Task to complete:
Beginning with the first line, return the material verbatim and without pictures.

Supplied material:
______________________________

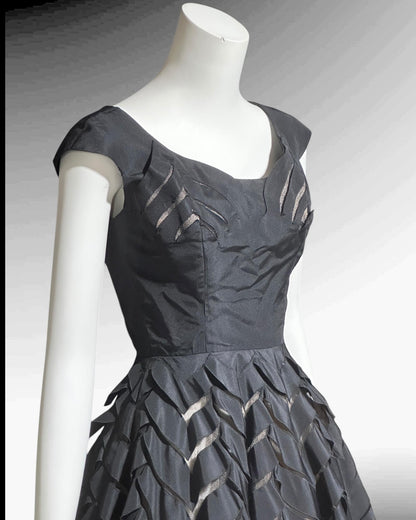 OLDRIC ROYCE, vintage 1950s dress, black cutout fit and flare cocktail party evening dress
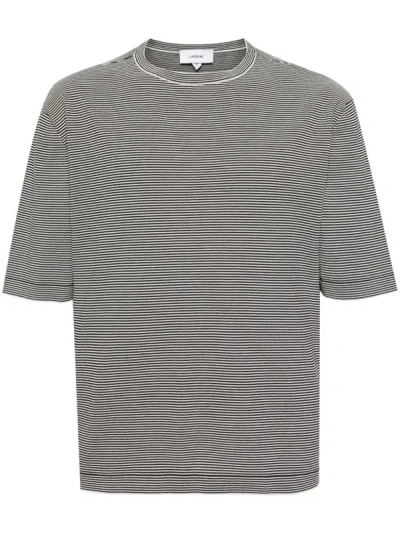 Shop Lardini Striped Cotton T-shirt In Multicolour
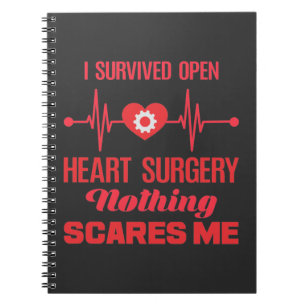 Caderno Espiral Sobrevivente de Cirurgia Cardíaca Aberta Obtenha 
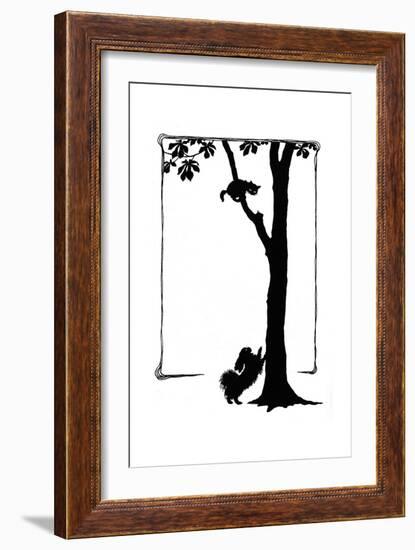 Koko the Dog Frightens a Kitten into a Tree-Mary Baker-Framed Giclee Print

______________________________

Answer to the exercise:
 OLDRIC ROYCE, vintage 1950s dress, black cutout fit and flare cocktail party evening dress
 Shop Lardini Striped Cotton T-shirt In Multicolour
 Caderno Espiral Sobrevivente de Cirurgia Cardíaca Aberta Obtenha 
 Koko the Dog Frightens a Kitten into a Tree-Mary Baker-Framed Giclee Print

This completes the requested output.